YOUR TASK:
Starting at the line with "Brauer Stripe inbouw" and ending at the line with "ZHAGHMIN Sandals Women", print exactly the lines of the entries below. Pictures do not belong in the copy.

MATERIAL PROVIDED:
▼▼▼

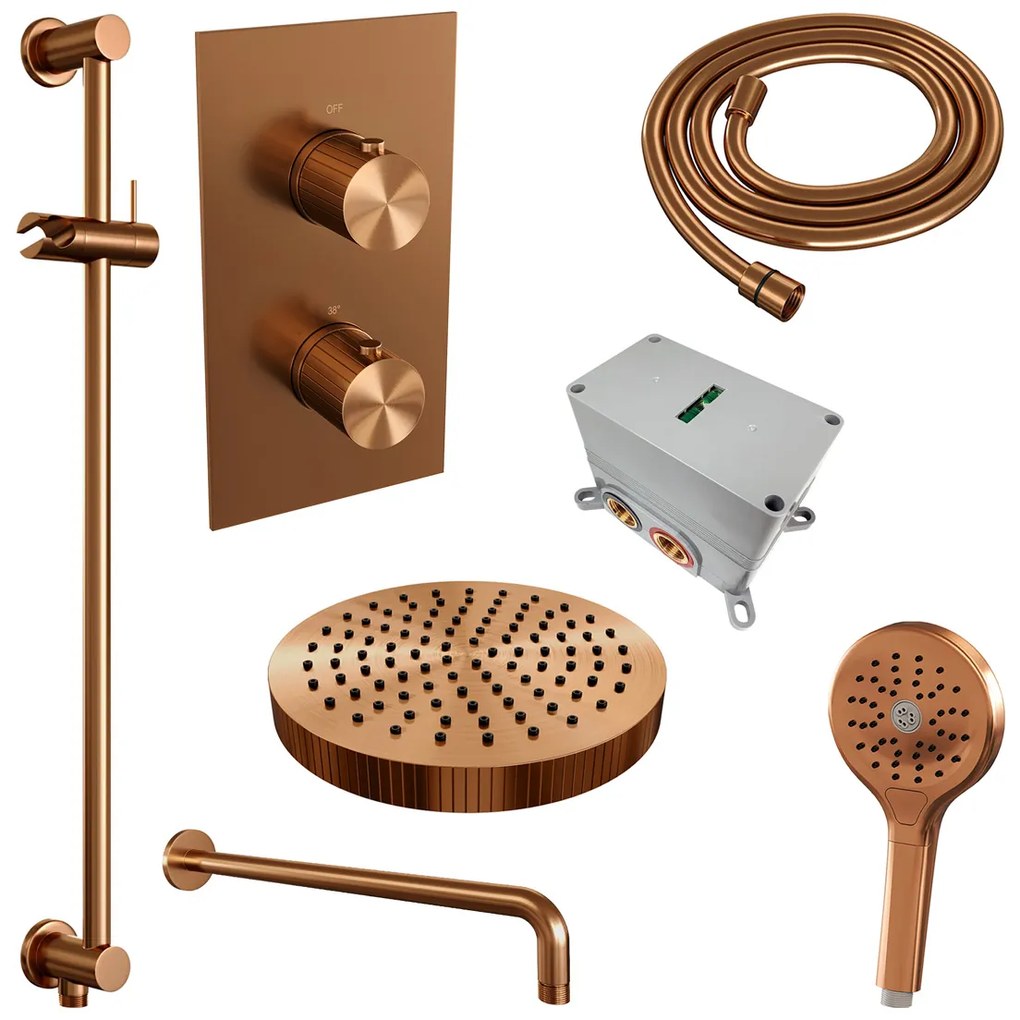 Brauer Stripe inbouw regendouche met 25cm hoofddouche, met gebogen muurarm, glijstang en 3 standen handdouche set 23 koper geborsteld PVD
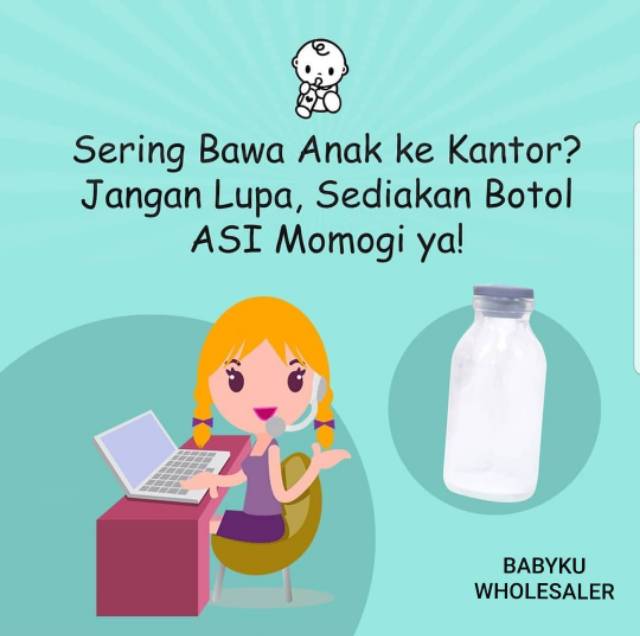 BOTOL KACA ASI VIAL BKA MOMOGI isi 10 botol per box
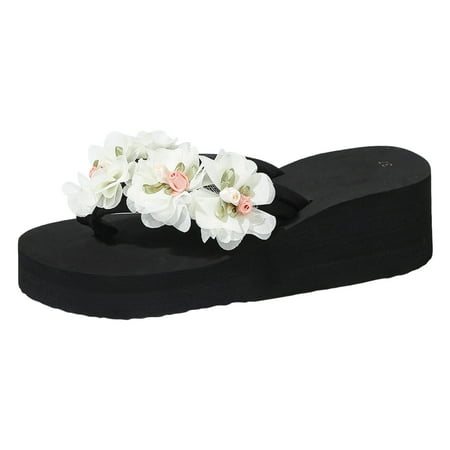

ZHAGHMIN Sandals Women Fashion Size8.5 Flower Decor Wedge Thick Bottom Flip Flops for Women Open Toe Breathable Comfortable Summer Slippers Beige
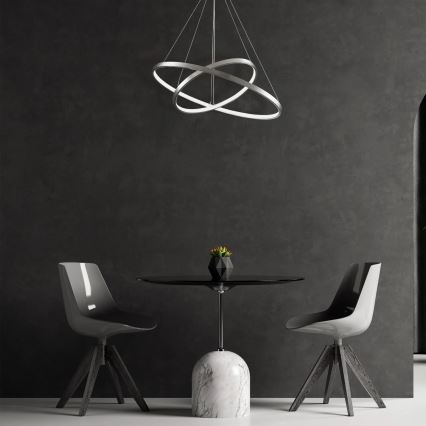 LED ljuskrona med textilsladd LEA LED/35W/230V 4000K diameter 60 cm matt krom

▲▲▲
▼▼▼

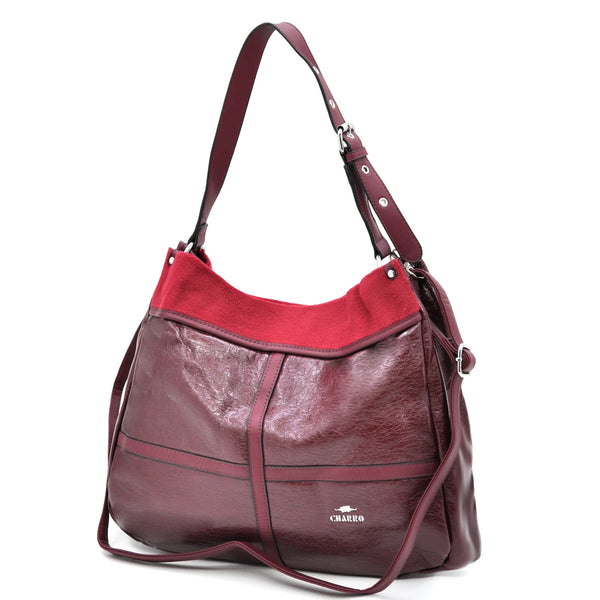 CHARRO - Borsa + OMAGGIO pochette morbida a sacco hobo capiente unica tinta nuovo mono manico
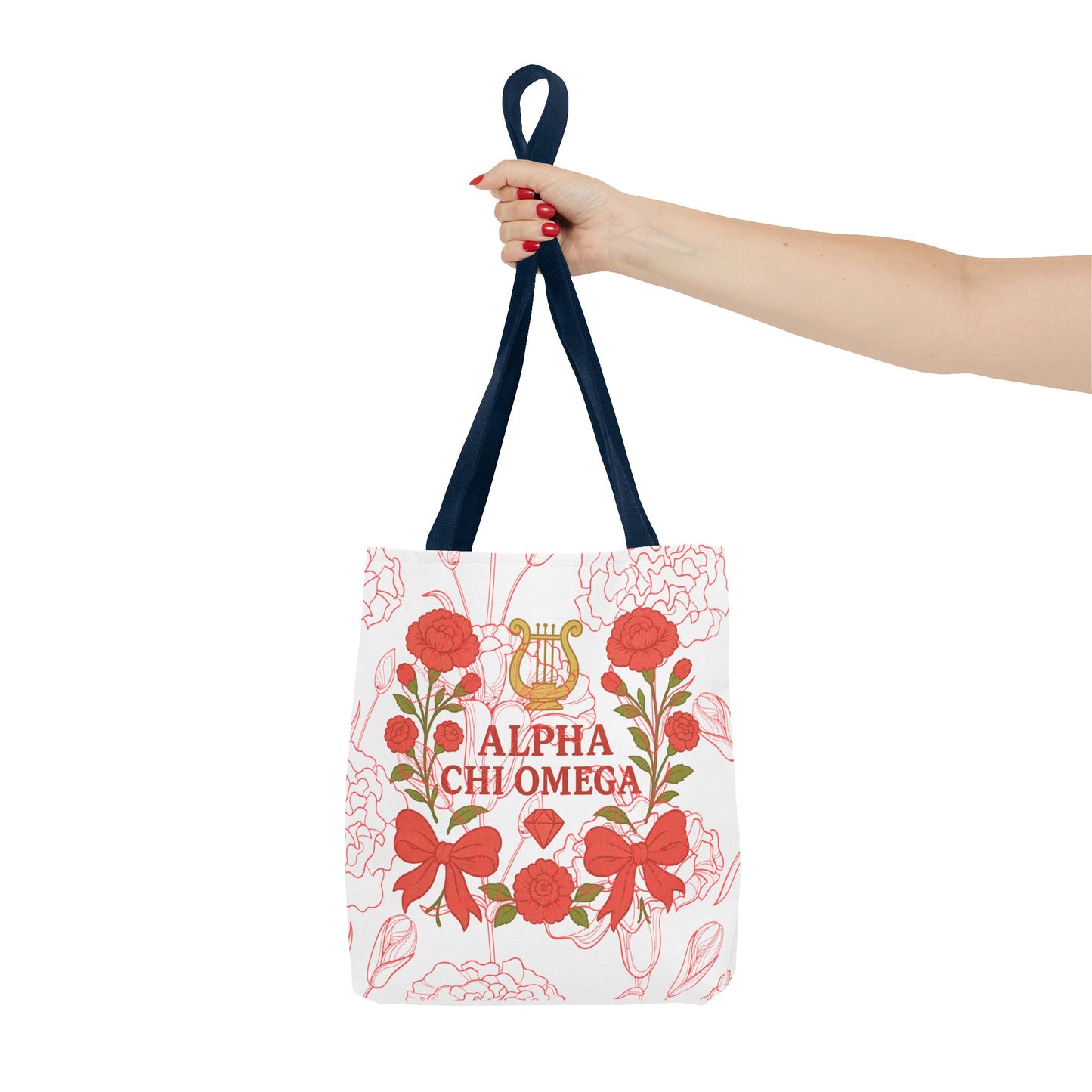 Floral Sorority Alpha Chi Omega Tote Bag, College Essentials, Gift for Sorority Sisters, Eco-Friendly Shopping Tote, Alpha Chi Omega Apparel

▲▲▲

RESULT FOR THIS EXERCISE:
 Brauer Stripe inbouw regendouche met 25cm hoofddouche, met gebogen muurarm, glijstang en 3 standen handdouche set 23 koper geborsteld PVD
 BOTOL KACA ASI VIAL BKA MOMOGI isi 10 botol per box

ZHAGHMIN Sandals Women Fashion Size8.5 Flower Decor Wedge Thick Bottom Flip Flops for Women Open Toe Breathable Comfortable Summer Slippers Beige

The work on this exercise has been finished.